◆ **SUPPLIED MATERIAL**:
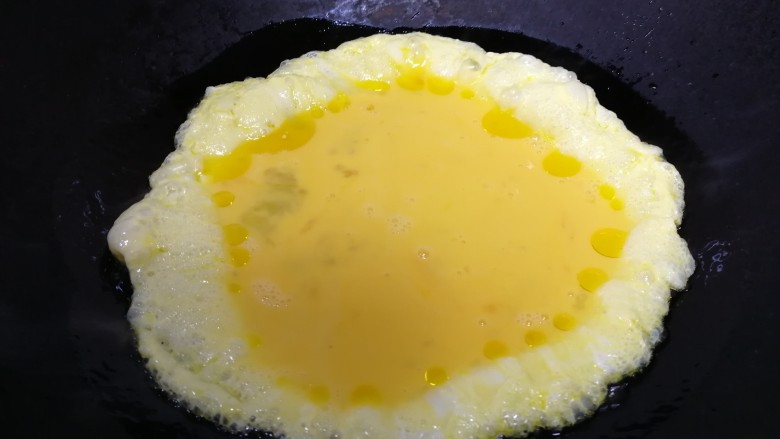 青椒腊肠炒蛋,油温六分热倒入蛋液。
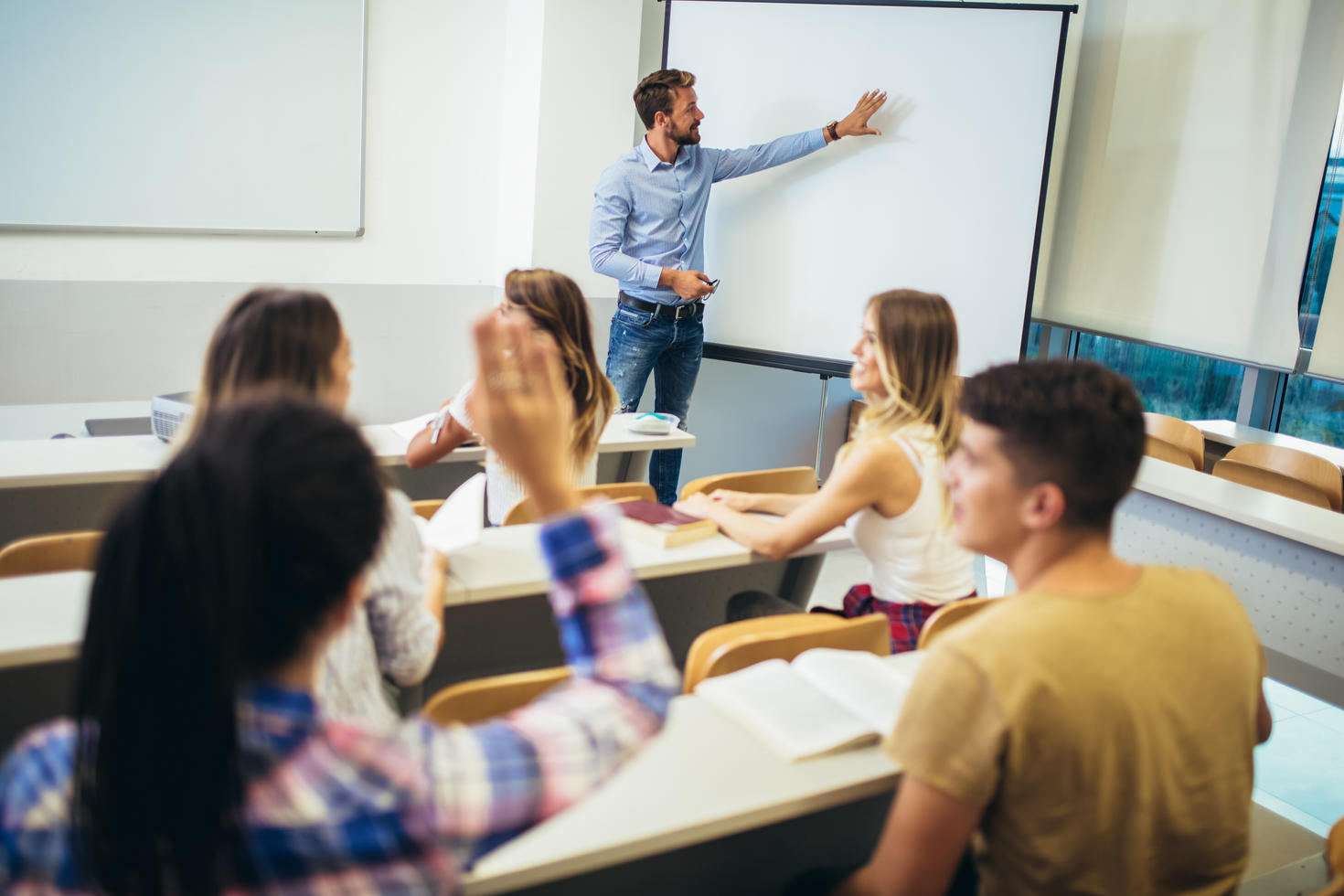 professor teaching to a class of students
==
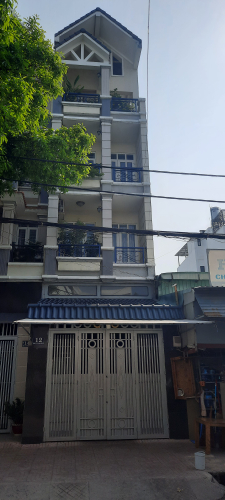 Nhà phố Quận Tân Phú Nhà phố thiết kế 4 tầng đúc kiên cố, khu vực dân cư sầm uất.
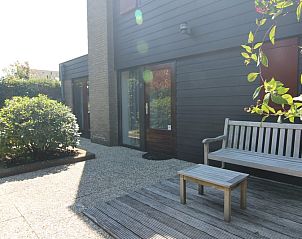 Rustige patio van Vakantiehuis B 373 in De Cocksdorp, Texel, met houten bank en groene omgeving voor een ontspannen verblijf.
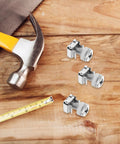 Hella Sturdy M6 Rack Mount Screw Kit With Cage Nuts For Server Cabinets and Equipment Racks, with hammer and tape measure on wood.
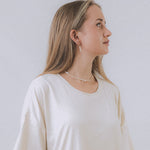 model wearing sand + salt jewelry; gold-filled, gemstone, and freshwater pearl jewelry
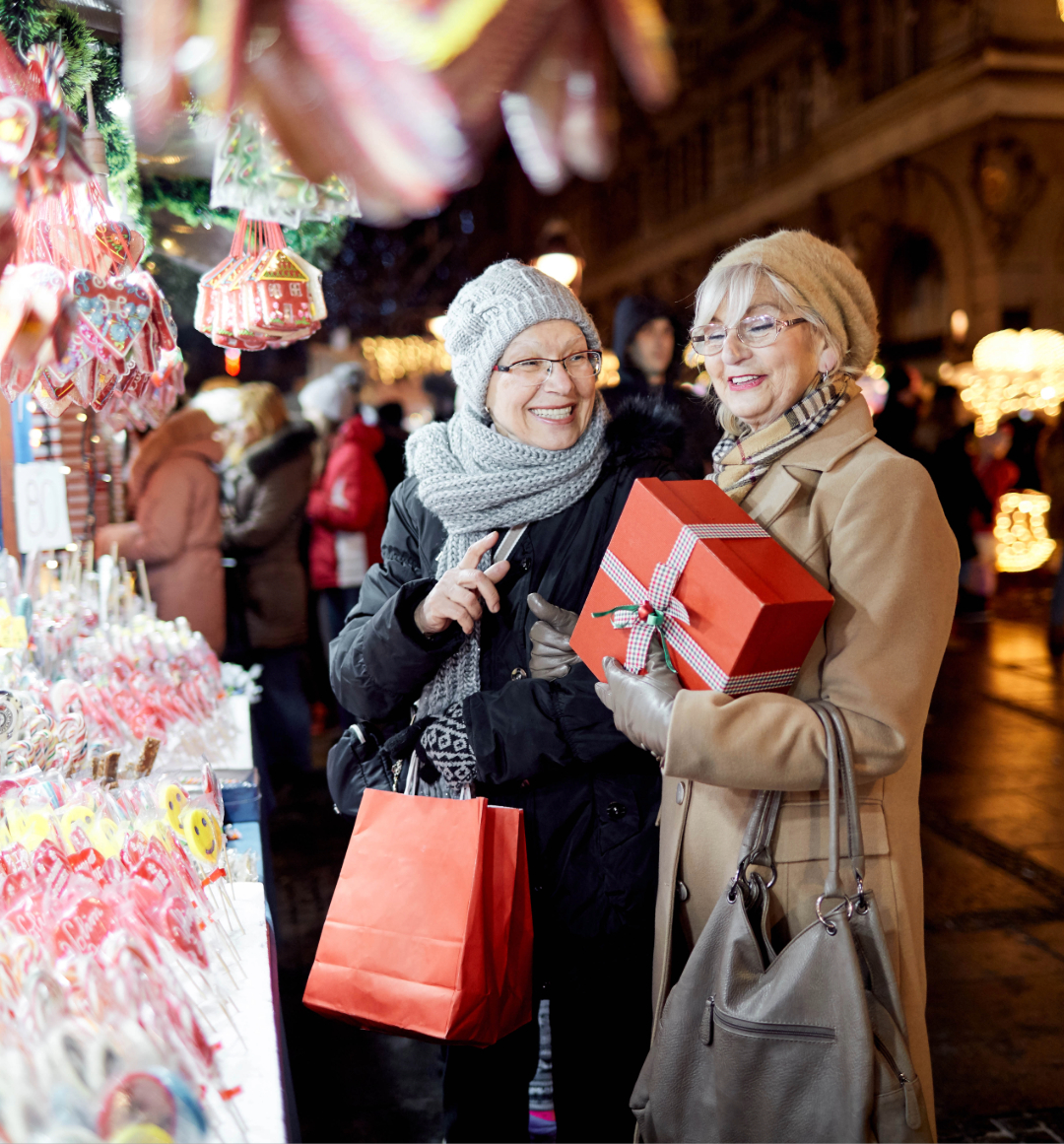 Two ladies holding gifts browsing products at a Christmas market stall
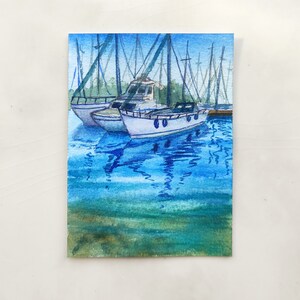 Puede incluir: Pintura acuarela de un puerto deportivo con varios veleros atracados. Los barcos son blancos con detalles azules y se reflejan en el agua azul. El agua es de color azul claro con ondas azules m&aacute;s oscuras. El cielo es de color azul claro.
==
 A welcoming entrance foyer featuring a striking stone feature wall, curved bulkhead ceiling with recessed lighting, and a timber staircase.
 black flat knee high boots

◆ **ASSIGNED TASK**:
Look above for the line containing "Rustige patio van", then write out every line from there down to the line containing "Puede incluir: Pintura", that line included, with no pictures.

◆ **ANSWER SECTION**:
 Rustige patio van Vakantiehuis B 373 in De Cocksdorp, Texel, met houten bank en groene omgeving voor een ontspannen verblijf.
 Hella Sturdy M6 Rack Mount Screw Kit With Cage Nuts For Server Cabinets and Equipment Racks, with hammer and tape measure on wood.
 model wearing sand + salt jewelry; gold-filled, gemstone, and freshwater pearl jewelry
 Two ladies holding gifts browsing products at a Christmas market stall
 Puede incluir: Pintura acuarela de un puerto deportivo con varios veleros atracados. Los barcos son blancos con detalles azules y se reflejan en el agua azul. El agua es de color azul claro con ondas azules m&aacute;s oscuras. El cielo es de color azul claro.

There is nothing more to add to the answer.